- The Arena di Milano is an historic site for Inter and most of all for him,
the first to coach in a tracksuit and to go out onto the pitch with his players:
Arpad Weisz, who in the 1929/30 season won the first Scudetto in a single-table
Serie A. A coach truly ahead of his time.
On Thursday, the Allievi youth sides of Inter, AC Milan and Bologna will take to the pitch in the first edition of the three-team tournament organised by the City of Milan, together with the City of Bologna, the organisation 'W il Calcio' [Up with Football], and numerous other figures from government and trade unions.
Who was Arpad? A Hungarian-born Jew and a player who had already seen the world by the 1930s. Milan managed to lure him into his second career as a coach. He was methodical, well versed in tactics and very young in an era in which it was a job for much more experienced men. And he was someone in love with the sport.

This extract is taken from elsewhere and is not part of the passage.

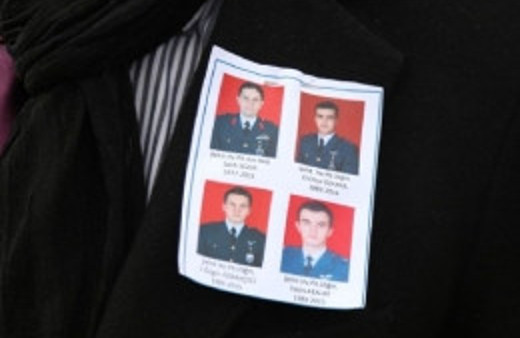 Şehit pilot askerler için askeri uğurlama töreni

Arpad Weisz’s second career was a brilliant and victorious one. He encountered the young Giuseppe Meazza and quickly understood his genius. After that legendary Scudetto with the Nerazzurri, the then husband and father of two went on to coach Bologna in another successful stint.
At school we learn about the Nazis and their horrific extermination of the Jews, and it’s something awful that we store as a kind of knowledge. But it’s often difficult to perceive that it could also be something so real and concrete.
The story of Arpad Weisz, however, makes it tragically tangible. A football idol forced to flee the country due to the enactment of the Italian Racial Laws, first to Paris, then to the Netherlands. A man, a woman and two children on the run. Until the morning they were caught.
Awaiting him was a long and drawn-out end in the concentration camp at Auschwitz. His family was met with an immediate death, gassed upon their arrival in Birkenau.